### SOURCE DATA
═══

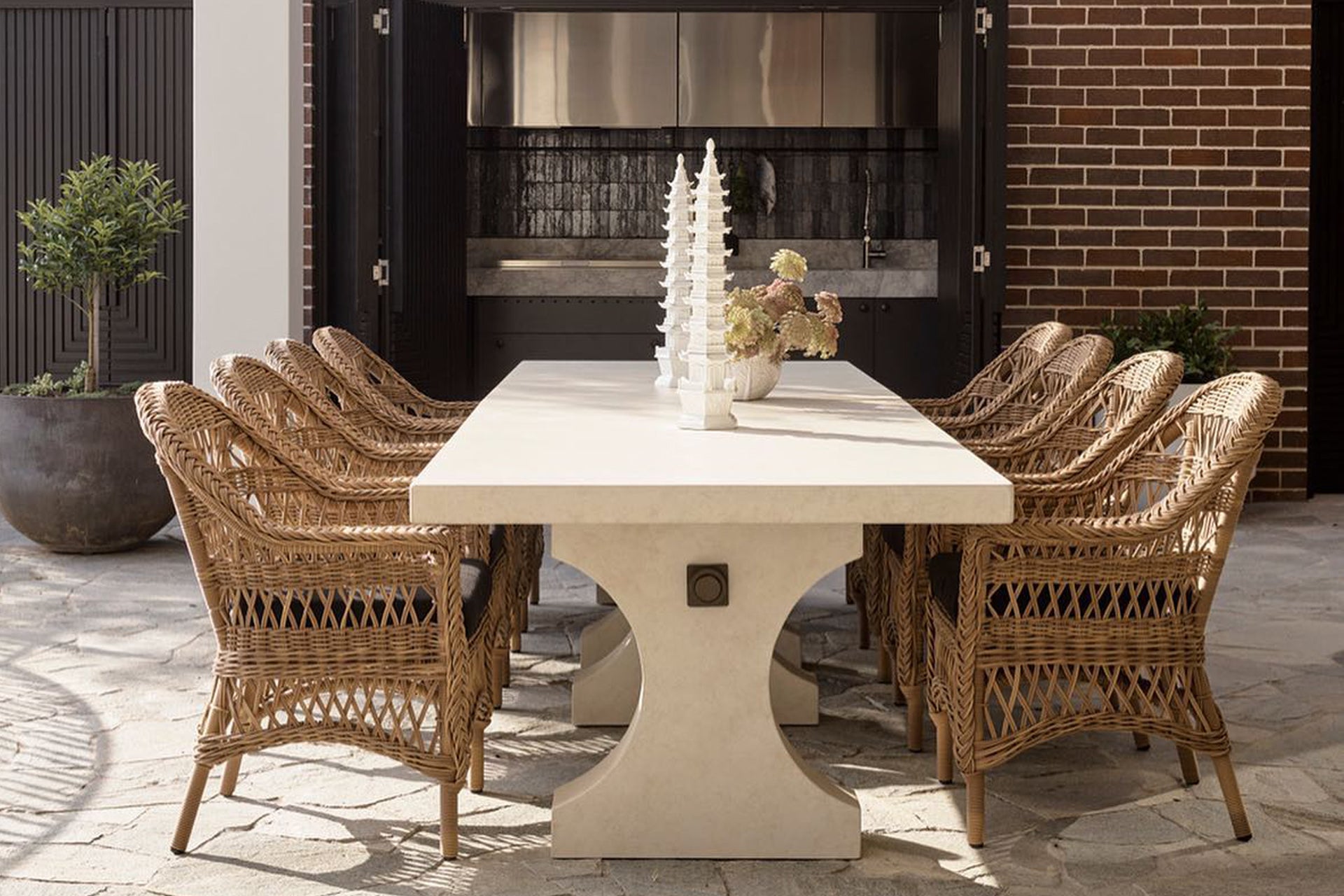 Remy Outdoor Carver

═══

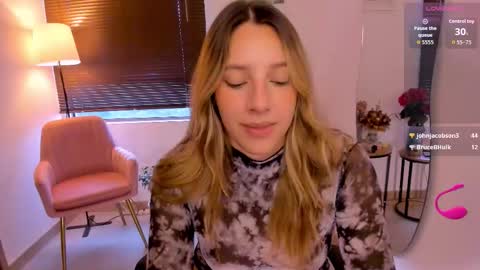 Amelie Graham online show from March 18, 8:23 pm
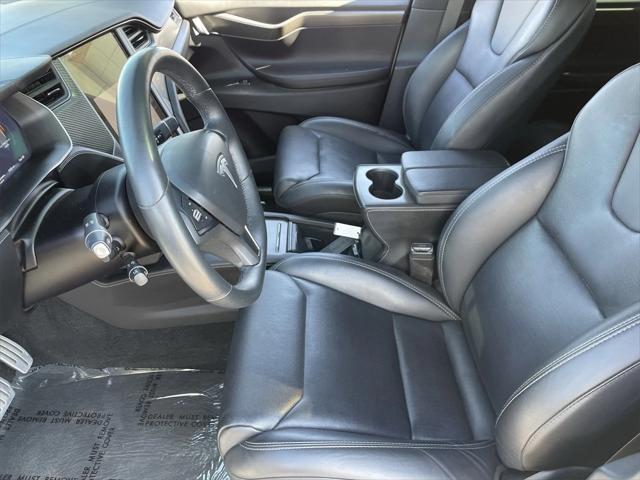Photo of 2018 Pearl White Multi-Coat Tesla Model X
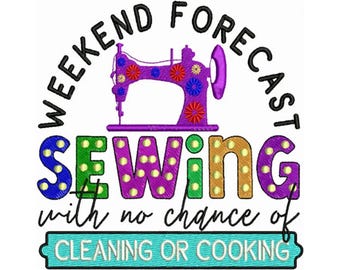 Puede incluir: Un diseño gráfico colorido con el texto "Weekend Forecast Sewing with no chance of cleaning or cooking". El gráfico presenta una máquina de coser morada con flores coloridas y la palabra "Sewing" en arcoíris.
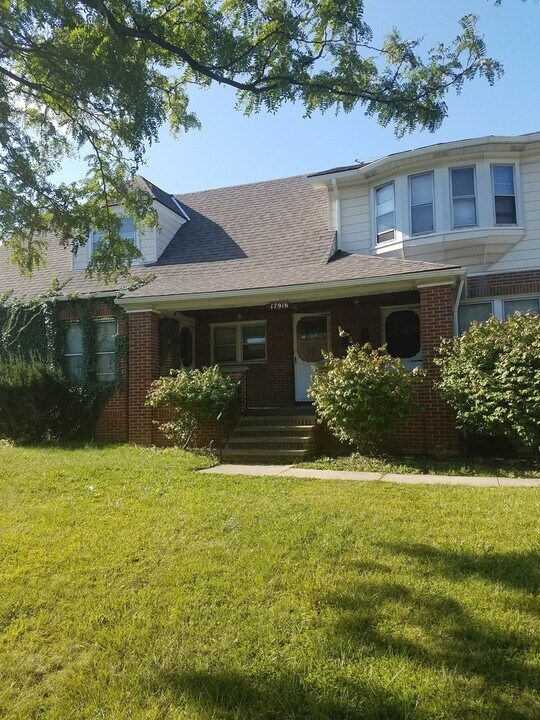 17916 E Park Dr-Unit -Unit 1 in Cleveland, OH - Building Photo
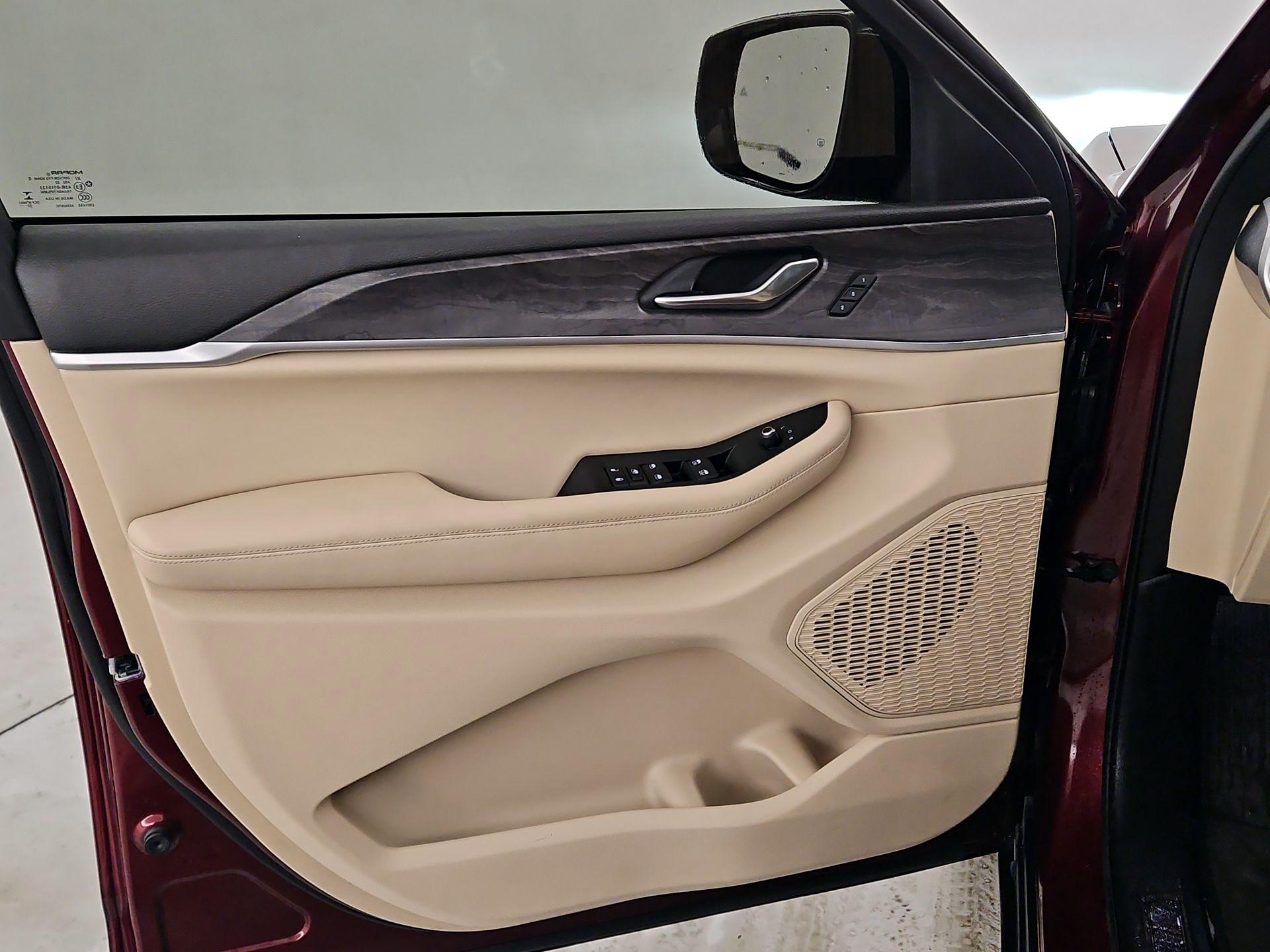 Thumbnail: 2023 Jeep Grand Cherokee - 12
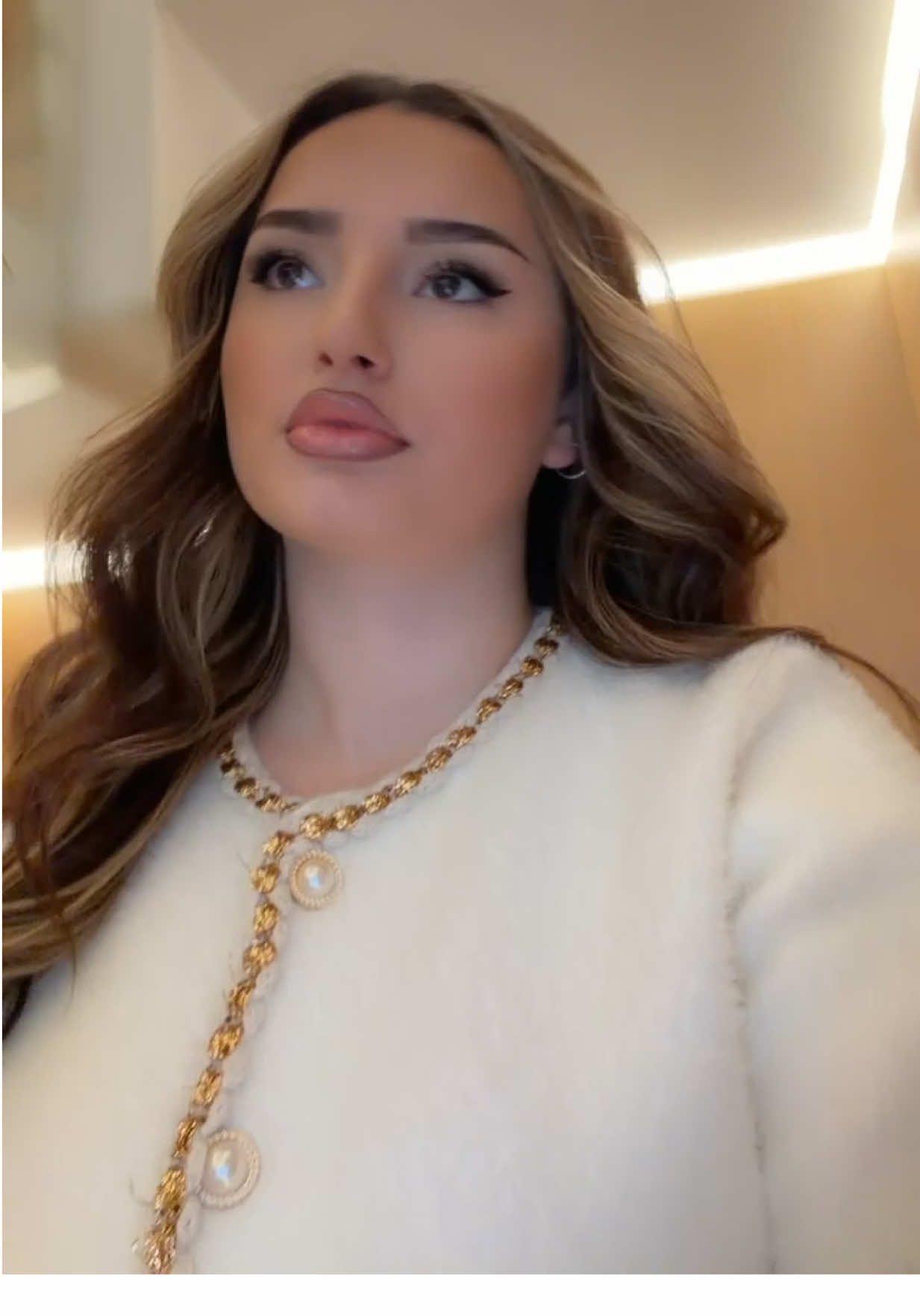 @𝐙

═══

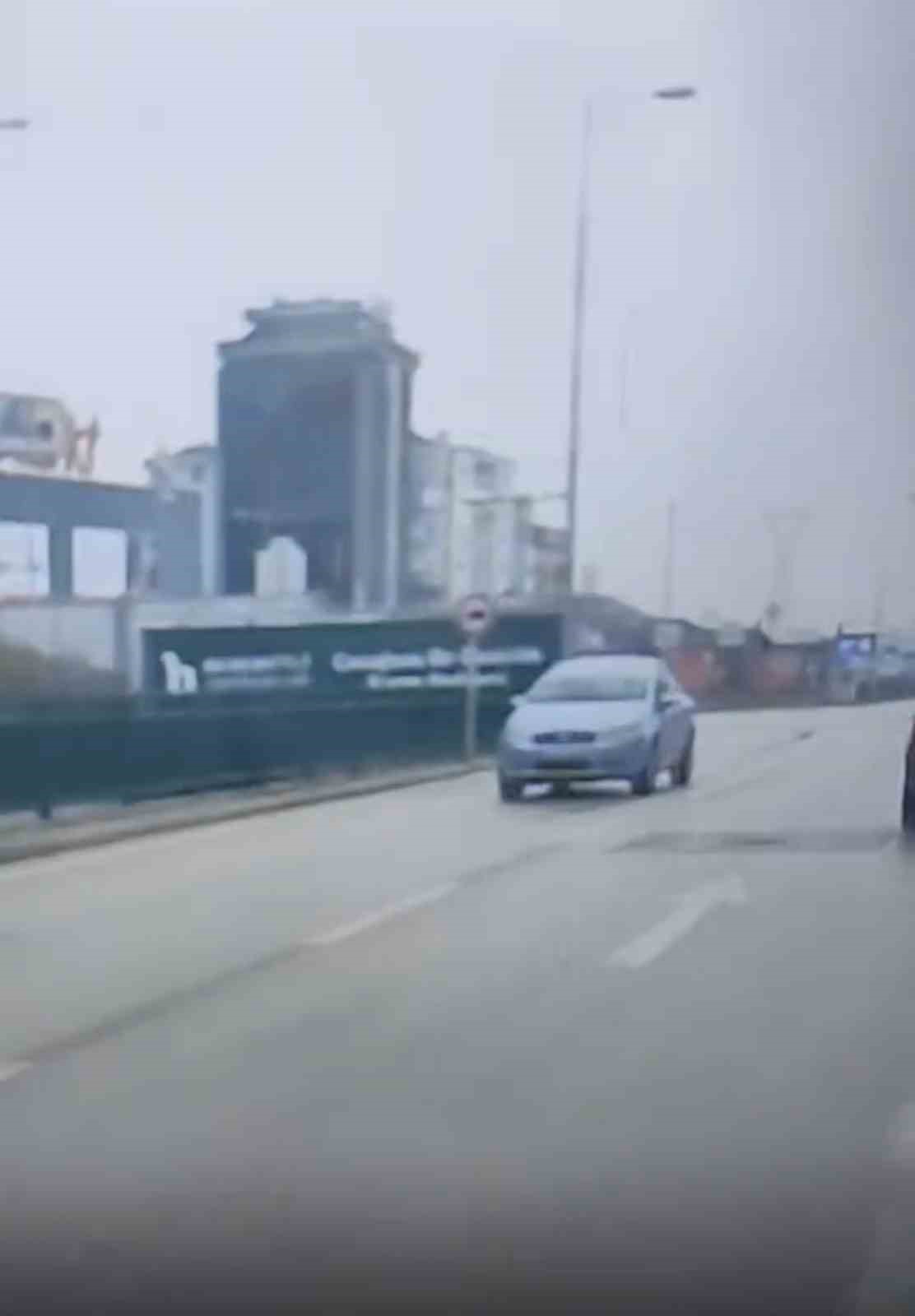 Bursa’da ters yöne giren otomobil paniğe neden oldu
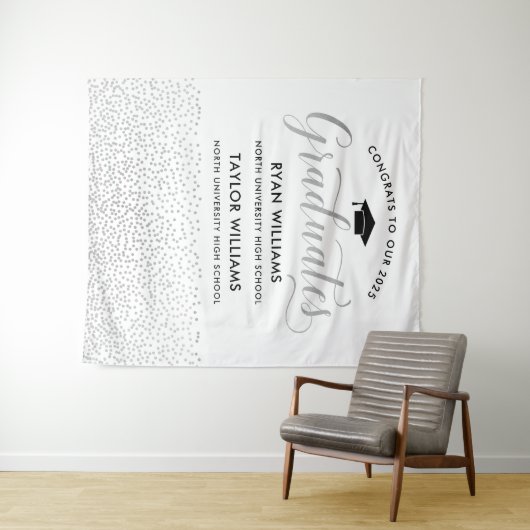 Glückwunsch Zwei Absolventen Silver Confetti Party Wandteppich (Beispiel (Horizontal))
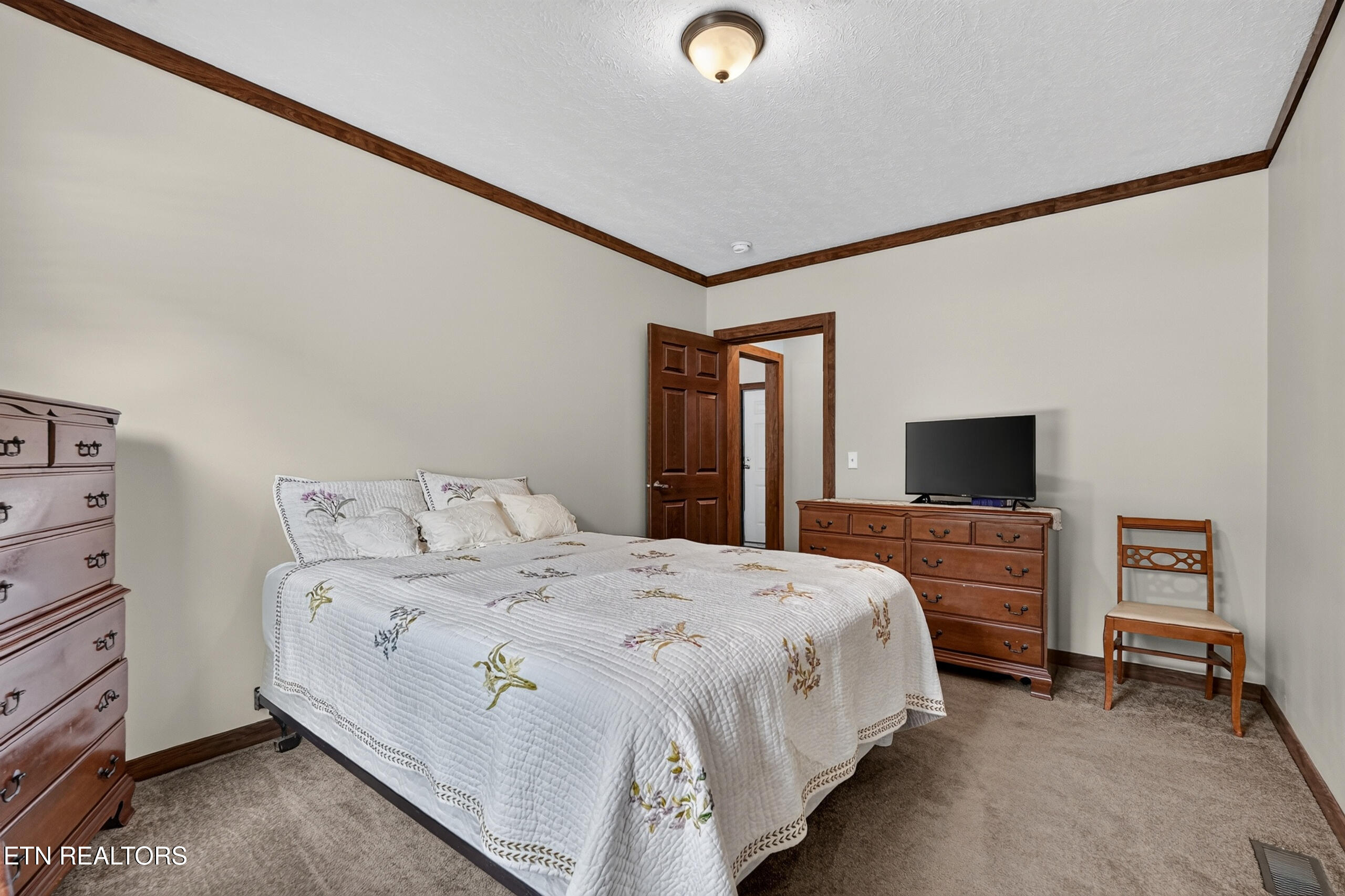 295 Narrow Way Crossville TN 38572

═══

### WHAT IS EXPECTED
Leaving out all pictures, set down exactly the lines of the material above, from the line with "Bursa’da ters yöne" to the line with "295 Narrow Way Crossville TN 38572" inclusive, and no others.

### EXERCISE RESPONSE
 Bursa’da ters yöne giren otomobil paniğe neden oldu
 Glückwunsch Zwei Absolventen Silver Confetti Party Wandteppich (Beispiel (Horizontal))
 295 Narrow Way Crossville TN 38572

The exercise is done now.